Here’s a troubling thought: sexual assault has been an unfortunate event in the lives of all too many women I know. Does it follow that a sizable number of the men I know have been perpetrators of those acts? What if I find out I am dating someone who did something like this? What if I already have?
The easiest explanation at hand is that most of those assaults are committed by a handful of serial perpetrators who abuse the protection our rape culture affords them. A likelier scenario is that there exists many, many guys out there who have committed actions falling on the spectrum of non-consensual sexual advances who may not have come to terms with what they have done and may not even realize what they did was perceived as assault by the victim. Alternatively, some may carry around a lot of shame.
So how can I accept living in such a world, surrounded by men who, inevitably, will play important roles in my life, without harboring massive amounts of distrust, anger and disgust or burying my head in the sand?

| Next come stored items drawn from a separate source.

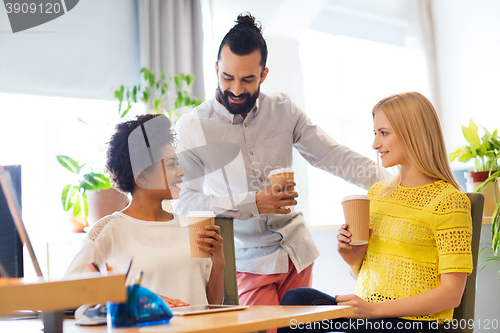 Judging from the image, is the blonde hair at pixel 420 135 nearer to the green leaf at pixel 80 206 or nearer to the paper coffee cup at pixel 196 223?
the paper coffee cup at pixel 196 223

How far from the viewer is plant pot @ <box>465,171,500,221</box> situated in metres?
2.36

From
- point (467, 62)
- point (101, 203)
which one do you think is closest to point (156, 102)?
point (101, 203)

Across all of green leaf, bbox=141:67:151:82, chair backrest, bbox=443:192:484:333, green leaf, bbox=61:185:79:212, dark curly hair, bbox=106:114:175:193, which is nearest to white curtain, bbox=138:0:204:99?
green leaf, bbox=141:67:151:82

The only plausible way forward is that we need, as a society, some sort of reconciliation. What we are experiencing as a culture is an ongoing silent war on women’s bodies. We are in the midst of a shift in the tides, where the side of the assaulted has taken up arms and is fighting tooth and nail to gain very little ground. We have finally reached a place where we can acknowledge that this is taking place, and the scale of the problem is starting to show. But this isn’t enough. Blind fury and the castigation through naming and shaming of perpetrators, although gratifying in the short run, will never end this war. And a war is what it is — a war waged on our bodies.
We are at a stalemate. Although we have managed to bring attention to the conflict by arming the side of the assaulted, we are at a stalemate. Why? Because the other side has been silent, denying that the war is even taking place. This silence is their greatest shield. It’s time to consider ending the war through diplomatic means. We need a process of reconciliation.

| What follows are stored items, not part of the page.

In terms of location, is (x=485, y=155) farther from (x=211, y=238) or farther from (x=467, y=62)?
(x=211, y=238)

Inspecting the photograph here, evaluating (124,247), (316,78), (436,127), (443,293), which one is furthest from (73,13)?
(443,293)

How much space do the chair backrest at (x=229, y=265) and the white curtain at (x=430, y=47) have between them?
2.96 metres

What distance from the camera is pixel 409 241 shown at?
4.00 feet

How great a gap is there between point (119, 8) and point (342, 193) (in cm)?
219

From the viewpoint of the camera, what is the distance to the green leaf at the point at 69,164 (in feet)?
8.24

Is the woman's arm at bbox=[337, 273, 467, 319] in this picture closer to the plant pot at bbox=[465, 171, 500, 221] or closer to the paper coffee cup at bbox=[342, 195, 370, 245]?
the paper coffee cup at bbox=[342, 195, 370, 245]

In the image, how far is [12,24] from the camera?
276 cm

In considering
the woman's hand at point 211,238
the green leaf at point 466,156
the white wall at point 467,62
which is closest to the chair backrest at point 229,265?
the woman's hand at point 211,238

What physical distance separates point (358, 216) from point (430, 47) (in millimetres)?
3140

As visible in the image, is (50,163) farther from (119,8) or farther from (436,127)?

We need a platform for men who have crossed a line to come forward without doing so anonymously. As unsavory as this sounds, this would require some sort of legal immunity. Society as a whole needs to see how widespread non-consensual sexual behavior is. The victim side has finally begun to show its true numbers, but we still have no concept of how many men have committed such acts.
Men willingly coming forward is not as impossible as it sounds.
We are at a societal crossroads. Many men, especially the younger generation, identify as feminists, or are at least amenable to the movement’s core message. In more and more spaces, women are gaining visibility, rights, freedoms and privileges that were historically reserved for men. This is the birth of a new norm, and men are growing up within this paradigm. However, there still exists this undercurrent of sexual violence against women (cis and trans), queer, and otherwise non gender-conforming folk. We still live in a culture that excuses non-consensual sexual behavior through victim-blaming, boys-will-be-boys mentality, and silence. It is my conjecture that this must be causing some terrible cognitive dissonance deep within many boys and men. A process of reconciliation is not only good for women but can also be an avenue of catharsis and healing of many of the pressures and emotional violence rape culture imposes upon men.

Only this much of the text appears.